Activity =>
Although the material holds pictures, none belong in the copy; transcribe exactly, and only, the lines from the one with "ホテル Yuecelen Mugla" through the end.

Provided data =>
****************************************

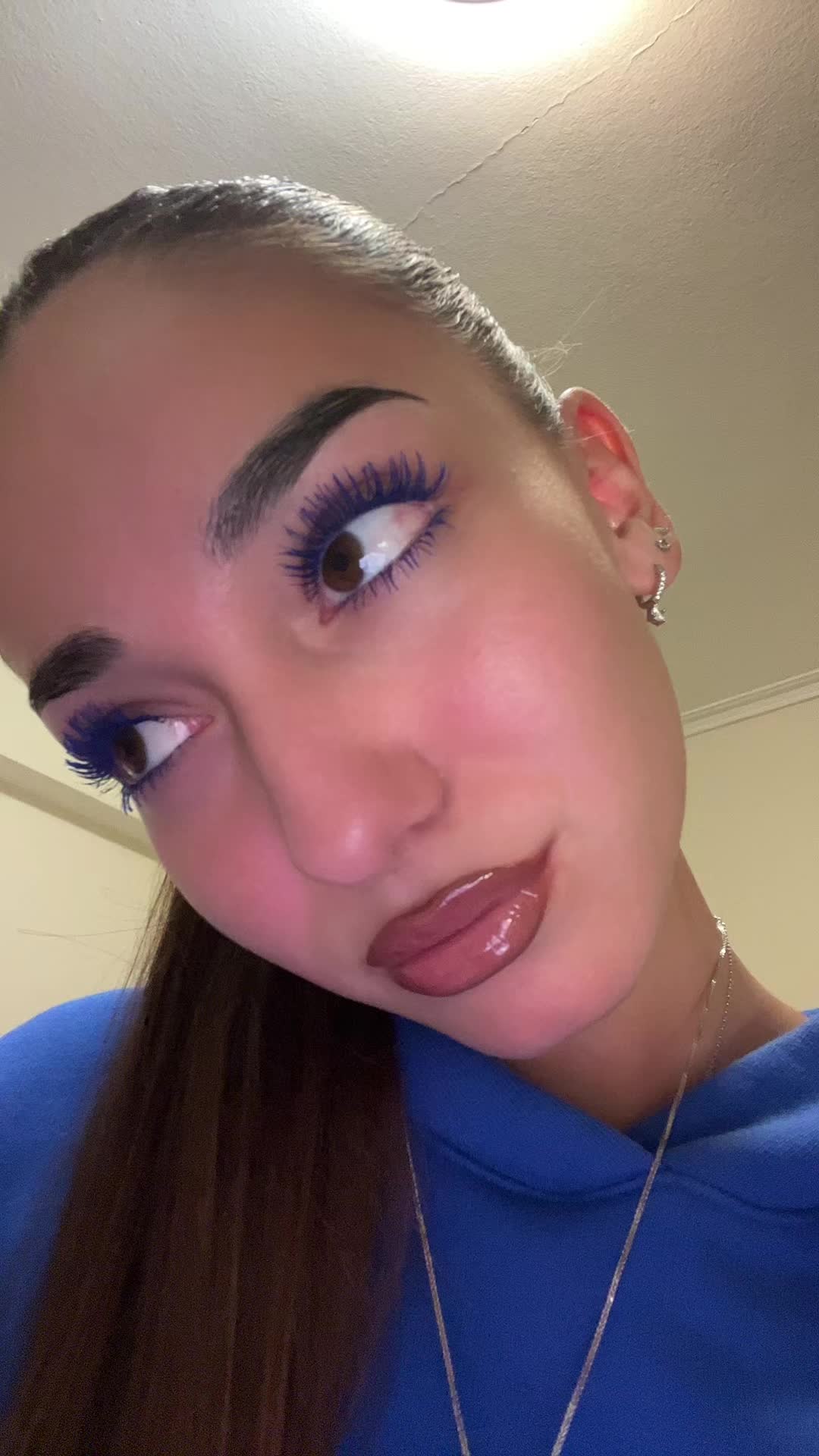 @Angiee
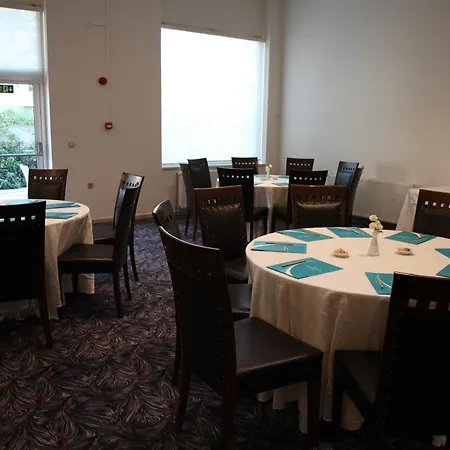 ホテル Yuecelen Mugla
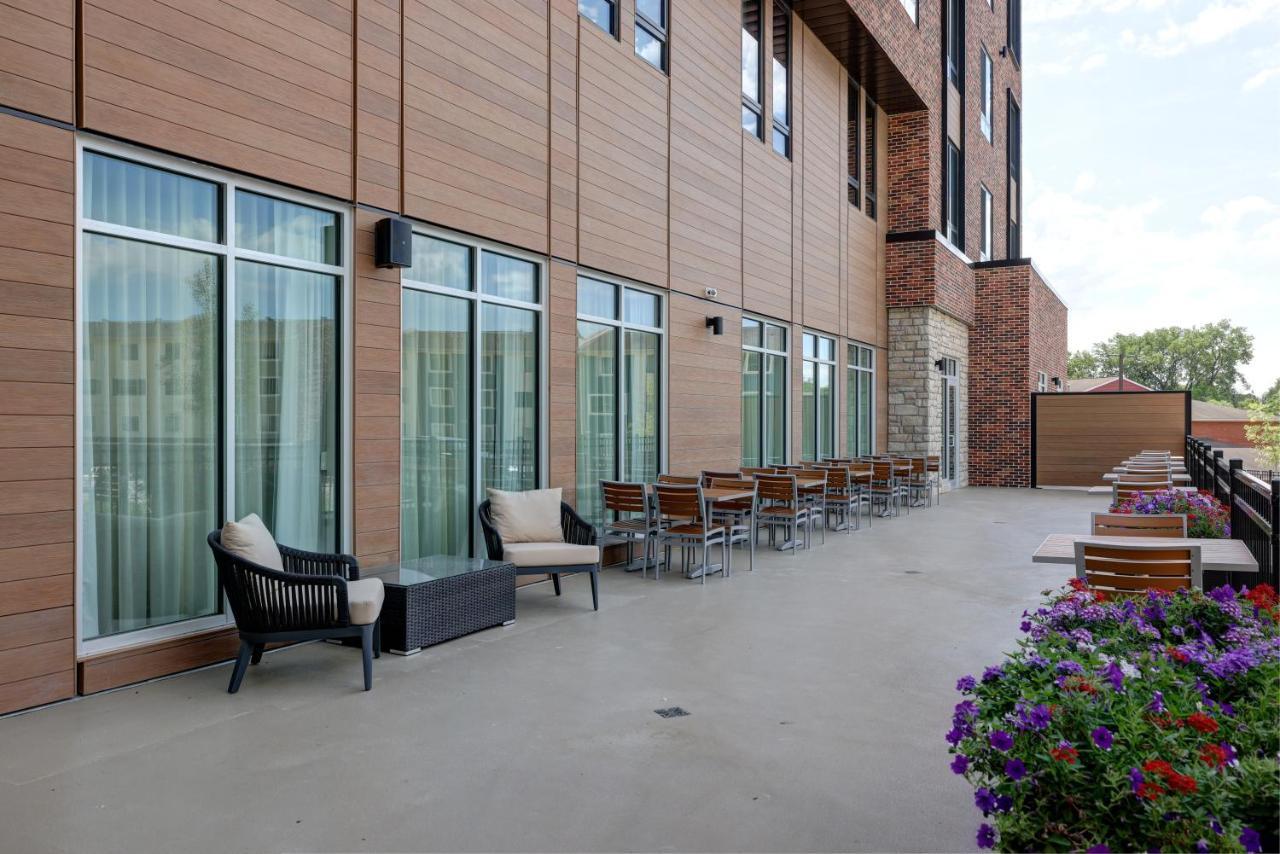 Courtyard By Marriott Iowa City University Heights Εξωτερικό φωτογραφία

****************************************

Finished exercise =>
 ホテル Yuecelen Mugla
 Courtyard By Marriott Iowa City University Heights Εξωτερικό φωτογραφία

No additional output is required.